- A team of surgeons and scientists from the UK, Sweden and Canada, funded by Rinri Therapeutics, has confirmed secure surgical access to the central core of the human cochlea
- The research is critical to the first in-human trials of new cell, gene and drug therapies for the inner ear, and will assist with treatment for improving hearing loss and deafness over the long-term
SHEFFIELD, UK, 9 November 2022: An international team of surgeons and scientists has, for the first time, validated safe surgical access to the central core of the human cochlea in a study funded by Rinri Therapeutics, a biotechnology company developing regenerative cell therapies for sensorineural hearing loss (SNHL).
The team from Guy’s and St. Thomas’s NHS Foundation Trust in London, and the universities of Uppsala (Sweden), Sheffield, Nottingham, and Western University in Canada, have proven and confirmed a secure clinical pathway to the inner ear, which will enable the application of a range of regenerative therapies to restore hearing.
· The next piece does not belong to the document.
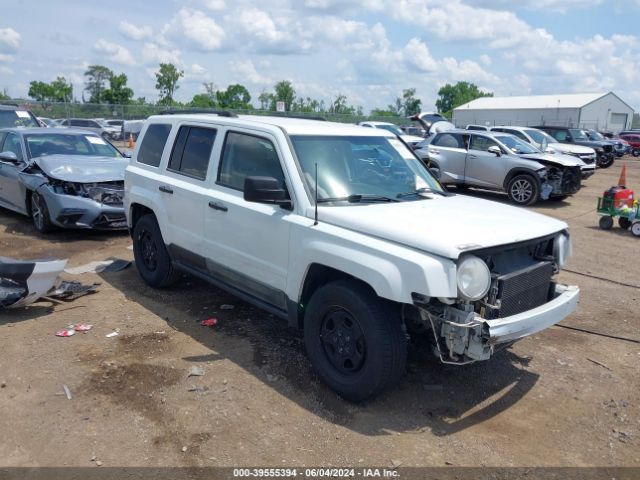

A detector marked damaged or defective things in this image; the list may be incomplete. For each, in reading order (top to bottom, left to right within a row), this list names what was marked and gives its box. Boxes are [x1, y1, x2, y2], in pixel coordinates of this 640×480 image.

damaged vehicle [0, 127, 129, 232]
damaged vehicle [422, 129, 584, 204]
damaged vehicle [0, 258, 66, 308]
front end damage [410, 235, 580, 364]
The human cochlea lies in the base of the skull, encased by the hardest bone in the human body. This has hampered the progress of discovering new treatments for hearing loss. Using a detailed representation of the microanatomy of the peripheral auditory neural structure, surgeons have now been able to reach the human cochlea safely with routine surgical approach.
Marcelo Rivolta, Professor of Sensory Stem Cell Biology at the University of Sheffield and Founder of Rinri Therapeutics said: “These results open the door to a region of the inner ear that has, thus far, been inaccessible in human and which will spearhead first in-human trials of new cell, gene and drug therapies.
“Rinri’s human pluripotent stem cell-derived otic neuroprogenitors are a particularly attractive advanced therapy medicinal product (ATMP). Their ability to repair the auditory nerve was demonstrated in a mammalian model (Chen et al, Nature 490, 278–282 (2012)). However, its translation into humans has until now been hampered by limited anatomical knowledge and the lack of a safe access to the Rosenthal’s canal, the compartment that houses the auditory neurons within the central core of the cochlea.
“We believe these findings will have immediate impact on both our understanding of the microstructure of the inner ear and on future clinical initiatives which are urgently needed to reduce the global health burden caused by deafness.”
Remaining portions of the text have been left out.